Trying to understand a proof in Rudin concerning winding number

Question

In the proof of theorem 10.10 in Real and complex analysis Rudin states that if we will differentiate $$\phi(t) = \exp \left\{\int_a^t \frac{\gamma'(s)}{\gamma(s)-z} \,\textrm{d}s\right\}, \textrm{we obtain the equality: } \frac{\phi'(t)}{\phi(t)} = \frac{\gamma'(t)}{\gamma(t)-z} $$ which is true almost everywhere (with exception of set $S$, which is finite: $\gamma$ doesn't have to have the derivative everywhere).
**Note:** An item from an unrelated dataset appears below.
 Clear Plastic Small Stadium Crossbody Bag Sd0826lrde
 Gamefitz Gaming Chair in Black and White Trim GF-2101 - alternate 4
I can understand this: $$\ln \phi(t) = \int_a^t \frac{\gamma'(s)}{\gamma(s)-z} \,\textrm{d}s \textrm{ implies } (\ln \phi(t))' = \frac{\phi'(t)}{\phi(t)} = \dots = \frac{\gamma'(t)}{\gamma(t) - z}.$$ I hope that the preceeding reasoning is correct (if not, what to do?). But how to conclude that $\phi / (\gamma -z )$ is a continuous function on $[a, b]$ whose derivative is zero on $[a,b] \setminus S$? Here $\gamma \colon [a,b] \to \mathbb C$ is a closed path. Especially the derivative part is a trouble. Of course, it is true that $$\frac{\phi(t)}{\gamma(t)-z} = \frac{\phi'(t)}{\gamma'(t)}.$$ If RHS is constant, then $\phi'(t) = c \gamma'(t)$. Using the definition I write $$\phi'(t) = \exp \left\{\int_a^t \frac{\gamma'(s)}{\gamma(s)-z} \,\textrm{d}s\right\} \cdot \frac{1}{\gamma(t)-z} \cdot \gamma'(t) = c(t) \cdot \gamma'(t).$$ Looking at this I'm not convinced that $c$ is $t$-independent (constant).

Answer 1

It turns out that the answer is quite obvious. We know that $\phi(t) \gamma'(t) = \phi'(t) (\gamma(t)-z)$, so: $$\left[\frac {\phi(t)}{\gamma(t)-z}\right]' = \frac{\phi'(t)(\gamma(t)-z) - \phi (t) \gamma'(t)}{(\gamma(t)-z)^2} = 0.$$

I will leave it here, maybe somebody will find it helpful.